Task prompt: Scan the material below for the string "Page". Report every line that has it.

---

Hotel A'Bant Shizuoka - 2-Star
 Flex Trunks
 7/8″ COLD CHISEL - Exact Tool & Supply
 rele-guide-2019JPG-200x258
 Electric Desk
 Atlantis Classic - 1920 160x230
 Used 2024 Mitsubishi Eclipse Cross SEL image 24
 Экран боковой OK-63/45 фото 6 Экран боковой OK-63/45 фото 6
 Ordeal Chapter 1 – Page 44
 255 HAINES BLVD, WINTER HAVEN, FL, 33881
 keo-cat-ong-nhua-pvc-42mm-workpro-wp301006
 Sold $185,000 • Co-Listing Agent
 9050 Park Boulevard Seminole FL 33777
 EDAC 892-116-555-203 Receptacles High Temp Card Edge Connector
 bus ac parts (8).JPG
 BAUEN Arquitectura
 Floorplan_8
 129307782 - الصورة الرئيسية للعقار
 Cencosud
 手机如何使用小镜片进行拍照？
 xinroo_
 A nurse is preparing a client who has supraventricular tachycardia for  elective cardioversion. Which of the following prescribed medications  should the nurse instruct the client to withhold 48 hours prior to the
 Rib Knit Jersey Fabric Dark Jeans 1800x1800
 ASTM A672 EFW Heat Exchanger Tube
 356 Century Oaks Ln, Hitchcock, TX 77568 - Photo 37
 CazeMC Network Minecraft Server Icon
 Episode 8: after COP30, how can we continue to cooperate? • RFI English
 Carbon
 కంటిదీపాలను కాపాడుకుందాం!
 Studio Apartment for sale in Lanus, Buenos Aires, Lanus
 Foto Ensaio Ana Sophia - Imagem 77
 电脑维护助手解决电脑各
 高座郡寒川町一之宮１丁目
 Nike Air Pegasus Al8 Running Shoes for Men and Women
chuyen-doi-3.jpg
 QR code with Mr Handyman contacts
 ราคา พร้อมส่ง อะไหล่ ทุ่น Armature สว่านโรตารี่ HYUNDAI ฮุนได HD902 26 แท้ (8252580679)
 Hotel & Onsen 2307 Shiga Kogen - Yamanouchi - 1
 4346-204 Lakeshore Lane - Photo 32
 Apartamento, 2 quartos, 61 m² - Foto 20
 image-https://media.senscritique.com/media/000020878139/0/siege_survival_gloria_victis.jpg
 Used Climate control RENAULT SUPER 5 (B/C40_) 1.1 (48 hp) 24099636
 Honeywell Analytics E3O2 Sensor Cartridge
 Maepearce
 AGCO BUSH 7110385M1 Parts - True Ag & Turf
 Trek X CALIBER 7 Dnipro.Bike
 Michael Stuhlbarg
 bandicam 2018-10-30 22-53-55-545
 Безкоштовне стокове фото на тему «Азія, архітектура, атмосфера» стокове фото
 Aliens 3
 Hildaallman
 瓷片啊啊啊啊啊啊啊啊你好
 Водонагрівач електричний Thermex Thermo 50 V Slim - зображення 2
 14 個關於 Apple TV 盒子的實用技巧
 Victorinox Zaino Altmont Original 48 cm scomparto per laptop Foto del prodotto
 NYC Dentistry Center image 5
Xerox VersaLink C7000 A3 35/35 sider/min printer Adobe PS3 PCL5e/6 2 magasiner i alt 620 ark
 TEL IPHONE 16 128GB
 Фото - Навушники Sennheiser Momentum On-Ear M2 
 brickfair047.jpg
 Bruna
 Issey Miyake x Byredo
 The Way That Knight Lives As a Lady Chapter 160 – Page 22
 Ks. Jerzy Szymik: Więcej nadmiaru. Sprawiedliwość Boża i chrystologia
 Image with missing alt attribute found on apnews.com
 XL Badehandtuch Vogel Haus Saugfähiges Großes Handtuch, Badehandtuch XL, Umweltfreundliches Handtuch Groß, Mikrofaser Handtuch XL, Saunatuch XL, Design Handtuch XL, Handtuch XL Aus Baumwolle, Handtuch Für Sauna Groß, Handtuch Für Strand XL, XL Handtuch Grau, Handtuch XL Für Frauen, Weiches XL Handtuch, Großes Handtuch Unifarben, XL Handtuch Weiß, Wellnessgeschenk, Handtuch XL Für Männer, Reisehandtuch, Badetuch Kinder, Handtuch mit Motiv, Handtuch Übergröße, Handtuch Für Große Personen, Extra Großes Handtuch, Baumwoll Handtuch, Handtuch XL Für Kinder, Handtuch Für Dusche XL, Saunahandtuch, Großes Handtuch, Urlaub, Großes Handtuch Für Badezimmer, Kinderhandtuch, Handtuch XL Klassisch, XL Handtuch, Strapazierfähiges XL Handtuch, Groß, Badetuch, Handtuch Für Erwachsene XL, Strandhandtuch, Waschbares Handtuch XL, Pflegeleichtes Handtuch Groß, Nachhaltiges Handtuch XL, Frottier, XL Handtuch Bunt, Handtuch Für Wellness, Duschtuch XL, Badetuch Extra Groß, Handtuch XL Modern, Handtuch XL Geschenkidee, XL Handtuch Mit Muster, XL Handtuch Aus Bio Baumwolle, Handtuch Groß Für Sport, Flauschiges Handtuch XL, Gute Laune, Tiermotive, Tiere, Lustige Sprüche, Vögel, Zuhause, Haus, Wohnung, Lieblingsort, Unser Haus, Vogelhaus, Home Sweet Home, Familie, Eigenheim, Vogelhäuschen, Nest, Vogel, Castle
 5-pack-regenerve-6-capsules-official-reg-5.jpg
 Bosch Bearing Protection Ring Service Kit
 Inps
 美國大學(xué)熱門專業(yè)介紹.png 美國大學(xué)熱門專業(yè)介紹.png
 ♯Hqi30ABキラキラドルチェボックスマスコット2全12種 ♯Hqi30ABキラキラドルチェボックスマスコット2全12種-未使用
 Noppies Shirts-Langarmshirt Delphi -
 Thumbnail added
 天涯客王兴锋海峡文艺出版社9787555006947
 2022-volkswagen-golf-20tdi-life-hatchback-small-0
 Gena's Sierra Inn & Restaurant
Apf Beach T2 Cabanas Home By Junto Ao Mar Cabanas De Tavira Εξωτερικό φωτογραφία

---

Answer to this task:
 Ordeal Chapter 1 – Page 44
 The Way That Knight Lives As a Lady Chapter 160 – Page 22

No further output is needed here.